**What you should do**
One part of the entries below is wanted: the lines from the one containing "Vintage 1972 sno" through the one containing "湖人新老板是谁？揭秘马克·沃尔特的多栖体育帝国". Write those out exactly and nothing else.

**Records shown**

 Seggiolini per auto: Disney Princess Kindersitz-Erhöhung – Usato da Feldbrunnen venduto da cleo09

--

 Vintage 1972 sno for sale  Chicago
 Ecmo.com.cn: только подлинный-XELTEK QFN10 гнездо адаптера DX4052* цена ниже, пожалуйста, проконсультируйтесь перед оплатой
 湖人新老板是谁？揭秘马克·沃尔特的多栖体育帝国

**Reply**
 Vintage 1972 sno for sale  Chicago
 Ecmo.com.cn: только подлинный-XELTEK QFN10 гнездо адаптера DX4052* цена ниже, пожалуйста, проконсультируйтесь перед оплатой
 湖人新老板是谁？揭秘马克·沃尔特的多栖体育帝国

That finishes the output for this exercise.